Почему существует мир? Существование Бога, вопреки расхожему мнению, не только не отвечает на этот вопрос, но делает его еще труднее. Действительно, предполагается, что Бог есть абсолютное совершенство, и это предположение, как доказывают Декарт или Лейбниц, и служит ему (вернее, нам) определением. Бог – есть максимум возможного бытия и ценности. Думать, что Бог создал мир и человека ради своего собственного блага, потому что ему чего-то не хватало, например произведения, славы или зрителей, одним словом, приписывать акту творения эротические побуждения, значит ничего не понимать в идее Бога, созданной западной культурой, то есть в идее Бога как абсолютного совершенства. Если Бог есть совершенство, то всему миру его не хватает и весь мир тянется к нему, но сам он ни в чем не испытывает нехватки и не тянется ни к чему, следовательно, как поясняет Аристотель, не испытывает никаких чувств; Бог осмысливает сам себя – его мысль есть мысль о мысли, – и этого деятельного созерцания ему вполне хватает для вечной радости; зачем ему заниматься творением и размышлять о любви? То же самое справедливо и относительного платоновского добра-в-себе – высшего объекта всякого желания, всякой тоски, всего того, над чем властвует Эрот. Если любовь есть желание добра, как сказал бы Платон, и если желание есть тоска по тому, чего нет, как Добро могло бы быть любовью, ведь для этого ему нужно было бы испытывать нехватку самого себя?

Но и божественная philia не в силах объяснить этот мир. Не только потому, что в идее считать себя кем-то вроде друга Бога есть нечто нелепое, как заметил Аристотель, но и потому, что дружба остается подчиненной закону бытия, который заключается в любви к себе. Об этом много пишет Аристотель и еще больше Спиноза. Что такое любовь? Радость, сопровождаемая идеей внешней причины. А что такое радость? Переход от меньшего совершенства и меньшей необходимости (для Спинозы эти два слова часто являются синонимами) к большему совершенству и большей необходимости. Радоваться значит существовать больше, чувствовать, как увеличивается твоя способность к существованию, победительно ощущать себя сохранившим бытие. Напротив, печалиться значит существовать меньше, видеть, как твоя способность к существованию уменьшается, и в каком-то смысле приближаться к смерти или небытию. Вот почему каждый человек стремится к радости (потому что каждое существо стремится сохранить свое бытие, стремится существовать как можно дольше), следовательно, к любви (потому что любовь – это радость, то есть то, что добавляет существования или совершенства). Одним словом, любовь – один из атрибутов способности к существованию. И Спиноза бестрепетно делает из этого свои выводы. Бог «никого ни любит, ни ненавидит. Ибо Бог не подвержен никакому аффекту ни удовольствия, ни неудовольствия, и, следовательно, он ни к кому не питает ни любви, ни ненависти» («Этика», V, 17). Не в силу отсутствия способности к этому, что понятно, но, напротив, в силу того, что его способность абсолютно бесконечна и постоянна: она не может быть ни увеличена (радостью или любовью), ни уменьшена (печалью или ненавистью). Бог Спинозы слишком полон бытием, могуществом и собой, чтобы любить или даже просто допустить существование чего-либо, кроме себя. Поэтому он не может быть творцом: он сам есть все сущее, и с него этого довольно.

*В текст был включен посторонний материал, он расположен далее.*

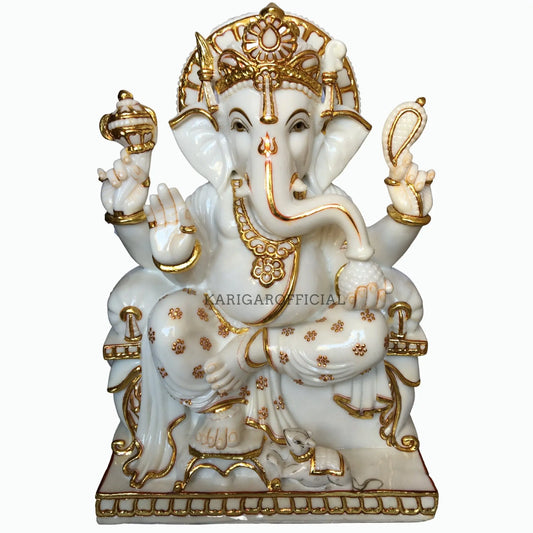 Golden Ganesha Statue Large 24 inches Marble Ganapati Idol For Home Temple Housewarming Gifts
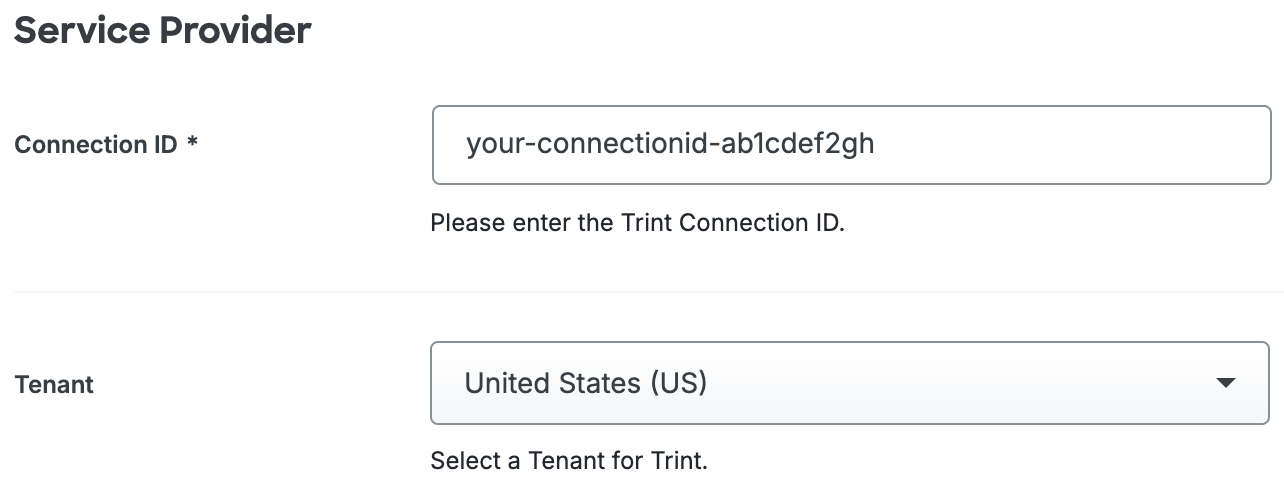 Duo Trint Service Provider Fields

Не проще объяснить творение и с точки зрения личного Бога прочих монотеистических религий, во всяком случае если продолжать следовать логике радости, совершенства и неограниченных возможностей. Зачем Богу создавать что бы то ни было, если он сам в себе заключает все возможное бытие и все возможное благо? Как можно добавить еще немного бытия к бесконечному Бытию? Еще немного добра к абсолютному Добру? В этой логике всемогущества творение бессмысленно, если только не допустить, что исходная ситуация нуждается хотя бы в минимальном улучшении. Но этого не может даже всемогущий Бог: ведь исходная ситуация, которая сама есть Бог, абсолютно бесконечна и совершенна! Некоторые представляют себе Бога до акта творения этаким недовольным собой учеником, который на полях тетради с домашним заданием написал: «Вообще-то я мог бы сделать и лучше». Да нет же! Бог не может сделать лучше, чем он уже сделал, ни даже так же хорошо, как уже сделал (потому что для этого ему потребовалось бы сотворить самого себя, следовательно, не творить ничего: возможно, в этом и заключен смысл Троицы). Если Бог желает сотворить нечто, помимо себя, то есть заняться актом творения, он может создать лишь нечто такое, что будет хуже, чем он сам. Или: Бог, будучи всем возможным благом и, следовательно, не имея возможности его улучшить, способен создать только зло! Вот отсюда и весь наш мир. Спрашивается: за каким чертом нужно было его создавать?